By BILL BRUTON
Published November 4, 2022
Peter L. Elkin, UB Distinguished Professor and chair of the Department of Biomedical Informatics, Jacobs School of Medicine and Biomedical Sciences, has been awarded an R25 grant from the National Institutes of Health’s (NIH) National Library of Medicine (NLM) to train underrepresented minorities in biomedical informatics and data science.
“The grant focuses on the recruitment of underrepresented in medicine (URM) individuals who are either undergraduates or master’s students, and the idea is to create a pipeline for our PhD programs and for our medical schools and clinical informatics programs so we can get more URM individuals into these programs,” Elkin says. “As we move our recruitment to earlier in an individual’s education, we hope to get the field to look more like our medical school population and more like our community than it does today.
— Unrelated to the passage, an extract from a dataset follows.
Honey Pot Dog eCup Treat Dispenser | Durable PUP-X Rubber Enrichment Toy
“It shows the NIH’s understanding of our commitment to diversity and inclusion. It was a highly competitive environment to get this award,” he adds. “This complements our T15 training grant, which we also have from the NLM to train PhD students and postdoctoral fellows in biomedical informatics and data science.”
The Jacobs School is one of just 12 sites from around the U.S. to receive the grant.
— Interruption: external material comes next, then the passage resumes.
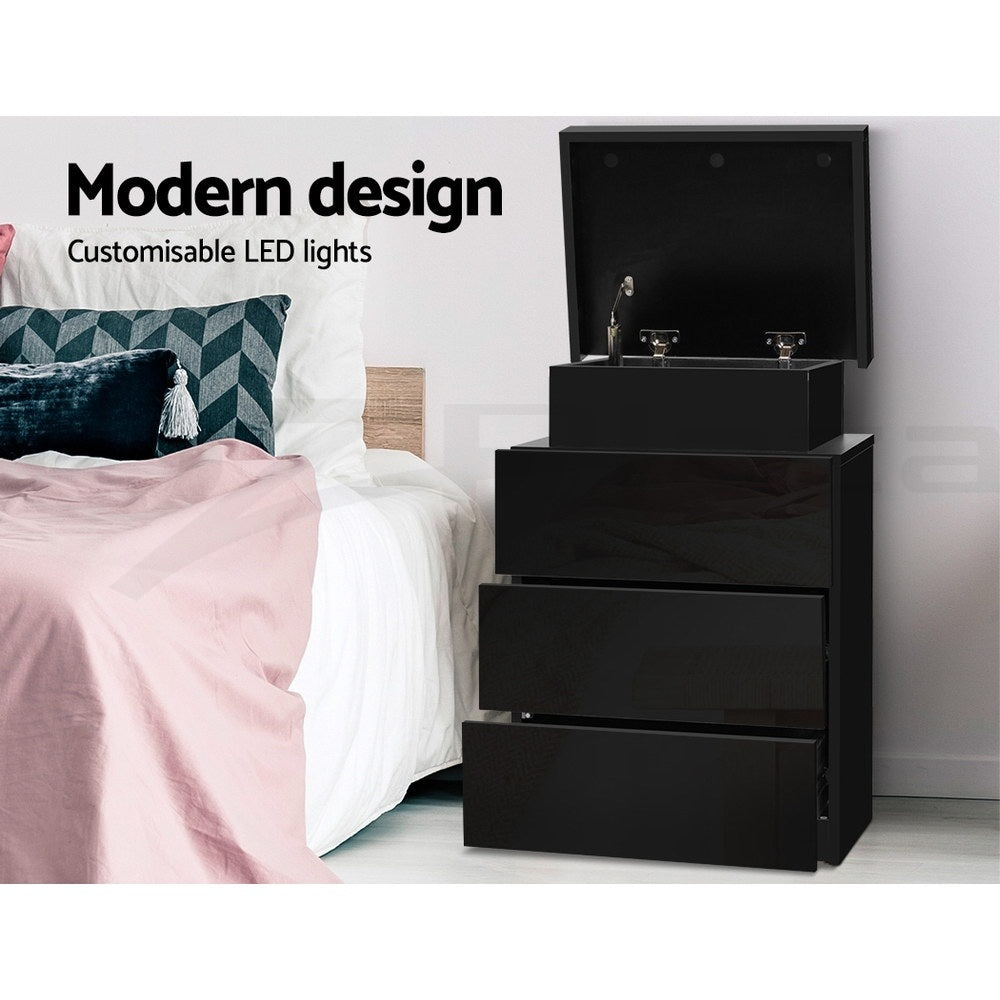 Artiss 2X Bedside Table LED 3 Drawers - COLEY Black FURNI-O-LED-BS-3D-BKX2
“This is a feather in the cap for the Jacobs School. It’s $133,000 a year for a five-year period,” Elkin says. “The nice thing about these training grants is it shows that people across the country think highly of our educational programs.”
Twelve students — six from Western New York and six from outside the area — will be able to take advantage of the grants each year.
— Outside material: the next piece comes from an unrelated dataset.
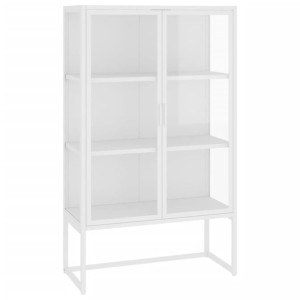 Szafka, biała, 80x35x135 cm, stal i hartowane szkło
“We’re planning presentations about this opportunity to historically Black colleges to try and enhance recruitment from these schools within the next few months, and we’re open for applications to enroll for next summer,” Elkin says.
People interested in applying can contact Annie Hayes-Montesano, clinical informatics fellowship training program administrator, at firstname.lastname@example.org.
Ram Samudrala, professor of biomedical informatics and chief of the Division of Bioinformatics, is co-principal investigator on the grant.